[Start of section]
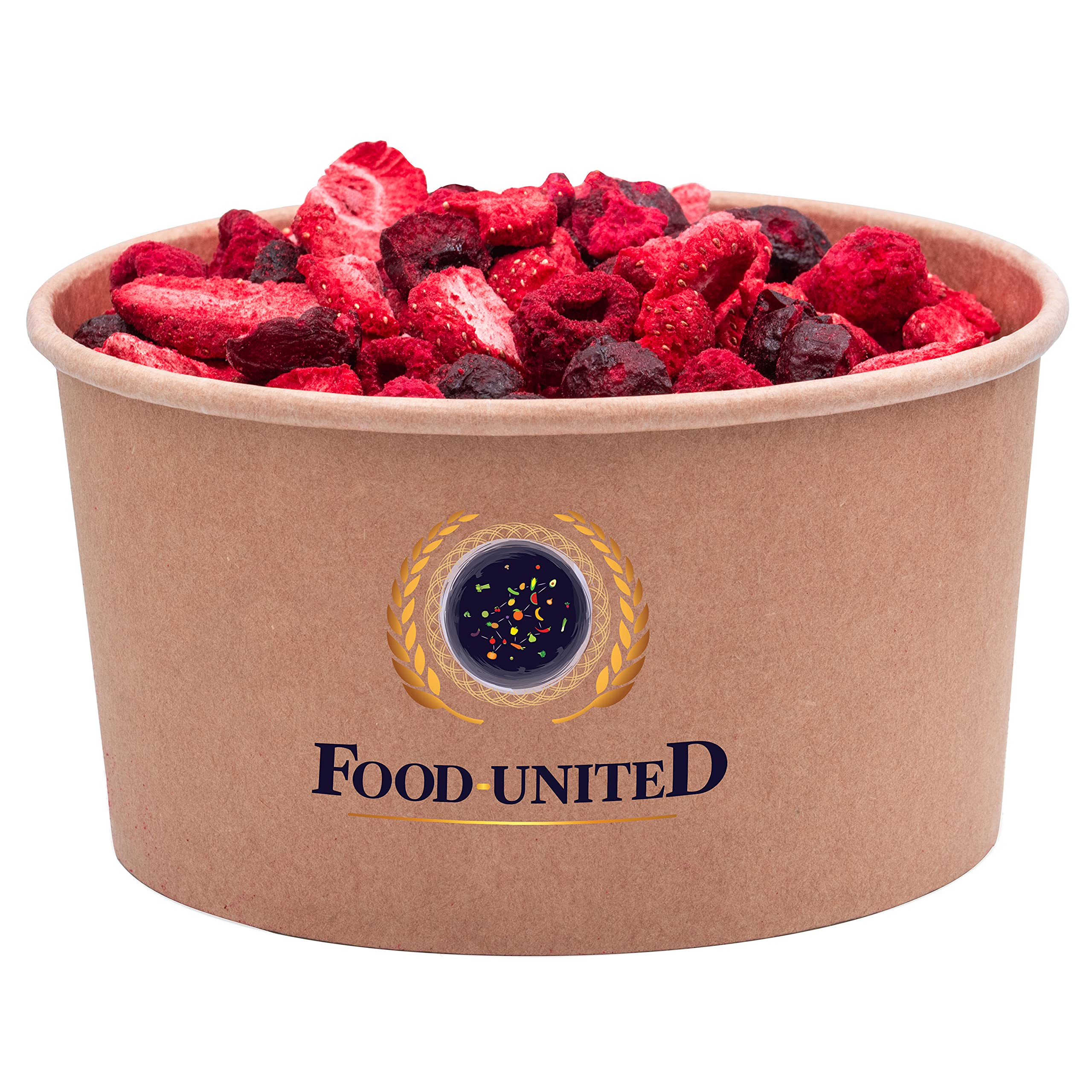 Food-United ROTE FRÜCHTE MIX GEFRIERGETROCKNET 5kg bestehend aus Himbeeren Erdbeeren und Kirschen für Müslis Naturjoghurt Smoothies natürlich süß ohne Zusatzstoffe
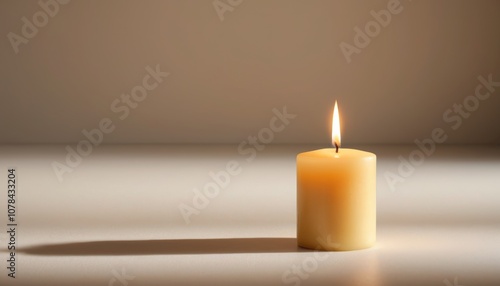 Wallpaper Mural Single candle glowing on a soft surface symbolizing warmth and mental clarity Torontodigital.ca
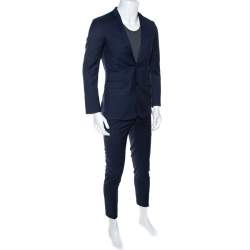 Dior Navy Blue Wool Tailored Suit XS 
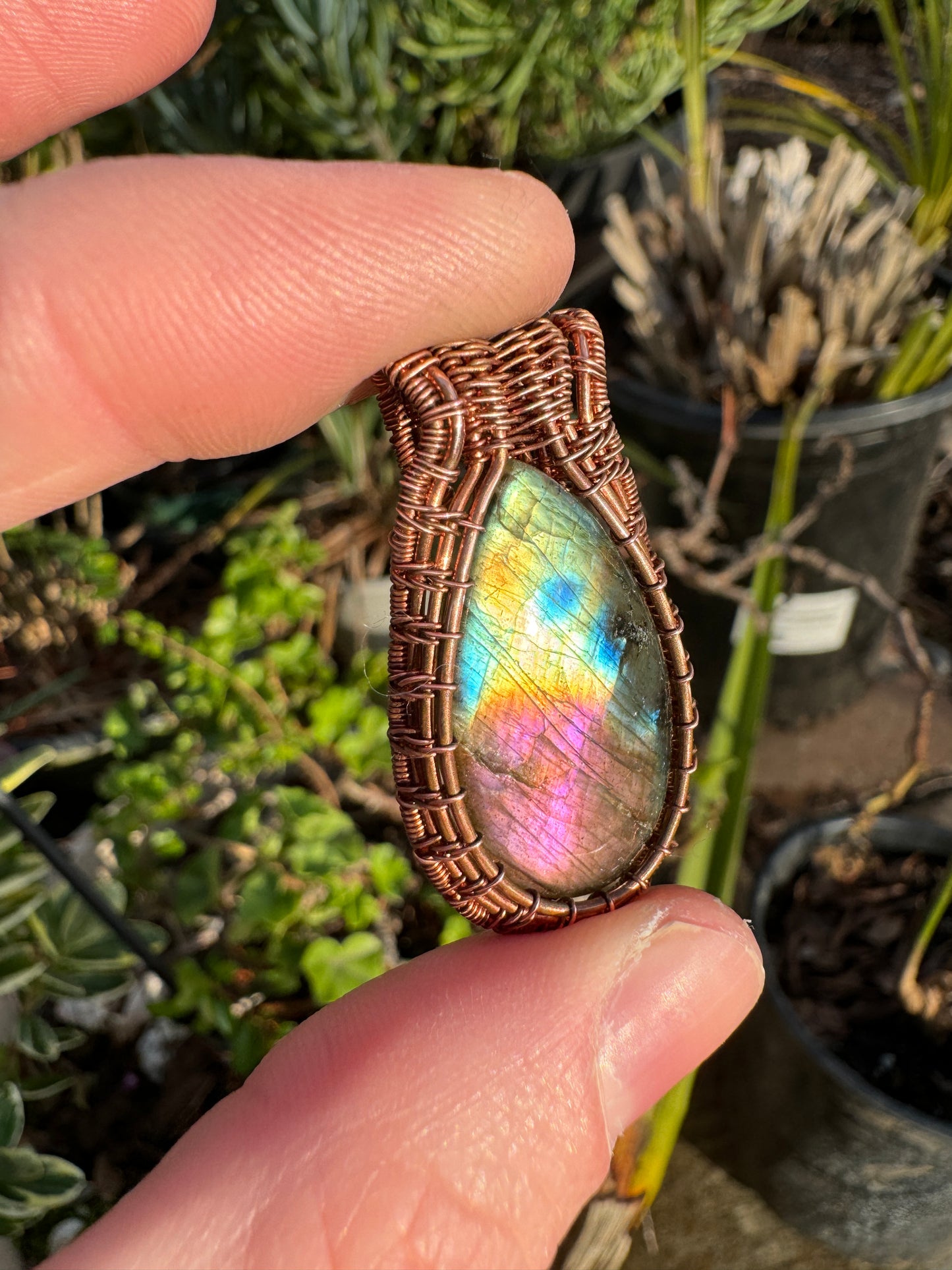 Hard-to-find Labradorite Wrapped in Copper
[End of section]
Your goal: Output the full listing above exactly, excluding all pictures.

Task response:
 Food-United ROTE FRÜCHTE MIX GEFRIERGETROCKNET 5kg bestehend aus Himbeeren Erdbeeren und Kirschen für Müslis Naturjoghurt Smoothies natürlich süß ohne Zusatzstoffe
 Wallpaper Mural Single candle glowing on a soft surface symbolizing warmth and mental clarity Torontodigital.ca
 Dior Navy Blue Wool Tailored Suit XS 
 Hard-to-find Labradorite Wrapped in Copper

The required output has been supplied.